When looking at new boards this year everyone told me I didn't need a wide, but I never really got a good explanation of what the benefits of having a narrower board would be? After months of research I decided to get a 10/11 Slayblade 159 regular, waited for the end of season progressive clearance sale at the local shop (30 then 40 then 50% off) and all that was left at 50% off...a 159 WIDE, oh well. Great board so far, I'm going faster and bigger than ever with fewer consequences. 

Sorry, I got sidetracked...so why too wide???


----------



## schmitty34 (Dec 28, 2007)

gauntlet09 said:


> Sorry, I got sidetracked...so why too wide???


It's feel and preference. You can't really get something too wide, but it might be wider than necessary. 

The wider the board, the longer the transfer from edge-to-edge will be. You are use to wide boards so you have no problem with wides even though you may not NEED them. Some people are use to narrow boards and when they ride a wide it feels terrible. 

I have size 12 boots so I always have a wide and feel just fine. I've ridden some normal boards as well and didn't really notice much difference (although I would have dragged if I was carving real hard).

Conclusion: if you like wide boards, keep shredding them regardless of what other people say.


----------



## GorgeDad (Jan 24, 2011)

"Wide" is a relative term, too. Boards called wide vary in actual width and there are mid-wides, etc.

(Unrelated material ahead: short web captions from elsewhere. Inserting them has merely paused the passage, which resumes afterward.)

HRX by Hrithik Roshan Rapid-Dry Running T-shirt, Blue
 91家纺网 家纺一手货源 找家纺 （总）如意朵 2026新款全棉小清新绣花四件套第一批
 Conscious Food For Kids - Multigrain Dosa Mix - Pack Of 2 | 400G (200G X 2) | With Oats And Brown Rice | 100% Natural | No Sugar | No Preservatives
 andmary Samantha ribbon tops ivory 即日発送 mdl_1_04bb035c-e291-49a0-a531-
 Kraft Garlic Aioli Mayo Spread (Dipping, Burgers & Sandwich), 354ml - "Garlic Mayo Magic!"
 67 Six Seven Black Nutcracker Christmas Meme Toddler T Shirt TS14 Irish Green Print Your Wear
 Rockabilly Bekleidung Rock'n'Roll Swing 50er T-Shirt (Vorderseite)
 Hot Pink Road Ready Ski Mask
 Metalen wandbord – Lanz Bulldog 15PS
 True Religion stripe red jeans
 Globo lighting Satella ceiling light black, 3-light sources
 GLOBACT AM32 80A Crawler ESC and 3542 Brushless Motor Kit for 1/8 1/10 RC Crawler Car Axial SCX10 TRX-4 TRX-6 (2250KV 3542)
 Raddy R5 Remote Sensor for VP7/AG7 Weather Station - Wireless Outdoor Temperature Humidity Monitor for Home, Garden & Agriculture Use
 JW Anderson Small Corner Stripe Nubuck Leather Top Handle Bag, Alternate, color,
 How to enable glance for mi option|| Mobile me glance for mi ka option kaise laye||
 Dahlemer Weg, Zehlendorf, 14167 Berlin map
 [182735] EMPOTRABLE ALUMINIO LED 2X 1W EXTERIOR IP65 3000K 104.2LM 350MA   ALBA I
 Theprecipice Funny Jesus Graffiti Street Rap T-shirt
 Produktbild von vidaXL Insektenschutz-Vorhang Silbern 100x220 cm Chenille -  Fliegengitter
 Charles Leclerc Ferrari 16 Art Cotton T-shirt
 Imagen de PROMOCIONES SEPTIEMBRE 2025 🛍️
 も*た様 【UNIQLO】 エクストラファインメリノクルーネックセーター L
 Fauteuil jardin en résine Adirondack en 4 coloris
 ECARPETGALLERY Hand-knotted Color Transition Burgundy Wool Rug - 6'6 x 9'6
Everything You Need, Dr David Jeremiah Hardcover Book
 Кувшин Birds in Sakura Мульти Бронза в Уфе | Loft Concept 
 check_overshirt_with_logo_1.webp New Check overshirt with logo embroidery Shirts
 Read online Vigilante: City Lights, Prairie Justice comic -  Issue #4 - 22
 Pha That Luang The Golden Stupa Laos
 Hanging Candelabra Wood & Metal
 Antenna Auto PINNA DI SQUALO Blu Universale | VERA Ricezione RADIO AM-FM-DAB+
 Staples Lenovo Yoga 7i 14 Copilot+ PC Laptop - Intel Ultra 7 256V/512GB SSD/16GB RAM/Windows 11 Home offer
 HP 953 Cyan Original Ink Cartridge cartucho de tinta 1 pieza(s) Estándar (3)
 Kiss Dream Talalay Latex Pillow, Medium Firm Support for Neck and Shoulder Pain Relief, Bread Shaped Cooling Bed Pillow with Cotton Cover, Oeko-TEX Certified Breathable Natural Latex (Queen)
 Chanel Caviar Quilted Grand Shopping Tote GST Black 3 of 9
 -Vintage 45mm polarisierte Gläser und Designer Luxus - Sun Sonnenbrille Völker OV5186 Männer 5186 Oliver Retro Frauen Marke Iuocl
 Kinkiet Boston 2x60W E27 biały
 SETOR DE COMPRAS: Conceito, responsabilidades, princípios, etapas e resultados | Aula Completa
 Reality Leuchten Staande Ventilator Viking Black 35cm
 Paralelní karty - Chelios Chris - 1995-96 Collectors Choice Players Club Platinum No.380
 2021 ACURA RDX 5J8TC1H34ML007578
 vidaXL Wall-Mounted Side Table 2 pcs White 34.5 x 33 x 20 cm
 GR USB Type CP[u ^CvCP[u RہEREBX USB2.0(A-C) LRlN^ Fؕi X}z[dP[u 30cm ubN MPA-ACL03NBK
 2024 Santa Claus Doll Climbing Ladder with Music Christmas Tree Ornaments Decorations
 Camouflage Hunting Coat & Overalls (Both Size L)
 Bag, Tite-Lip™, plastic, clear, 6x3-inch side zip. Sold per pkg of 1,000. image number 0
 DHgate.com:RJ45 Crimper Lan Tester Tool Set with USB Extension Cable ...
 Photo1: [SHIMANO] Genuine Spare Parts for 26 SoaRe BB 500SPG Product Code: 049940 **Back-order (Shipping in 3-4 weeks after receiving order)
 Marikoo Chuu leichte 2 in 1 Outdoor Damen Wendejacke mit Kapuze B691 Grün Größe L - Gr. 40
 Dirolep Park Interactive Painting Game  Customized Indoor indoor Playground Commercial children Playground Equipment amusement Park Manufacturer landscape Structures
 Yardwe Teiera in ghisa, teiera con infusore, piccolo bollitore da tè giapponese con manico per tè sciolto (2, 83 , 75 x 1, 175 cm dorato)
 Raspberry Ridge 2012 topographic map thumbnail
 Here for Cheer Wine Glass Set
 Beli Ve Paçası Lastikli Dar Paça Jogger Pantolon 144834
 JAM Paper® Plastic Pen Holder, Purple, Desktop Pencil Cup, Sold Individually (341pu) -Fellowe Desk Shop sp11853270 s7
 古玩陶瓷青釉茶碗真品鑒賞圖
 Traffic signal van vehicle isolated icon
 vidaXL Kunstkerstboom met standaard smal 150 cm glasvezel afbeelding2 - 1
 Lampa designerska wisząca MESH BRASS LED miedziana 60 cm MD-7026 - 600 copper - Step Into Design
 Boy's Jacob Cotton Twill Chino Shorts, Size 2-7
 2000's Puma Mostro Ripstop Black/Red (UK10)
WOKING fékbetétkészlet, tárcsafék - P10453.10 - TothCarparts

There are a lot of factors: boot size, binding type, stance angle so there's no definitive answer, though getting really wide decreases (potentially) turning efficiency. 

Schmitty makes the best point - if it works for you, then the theory doesn't matter.

I ride in 9.5 boots on a Lib Tech Travis Rice that's designed as a mid-wide (26cm waist) and like it better than any other setup i've ridden.


----------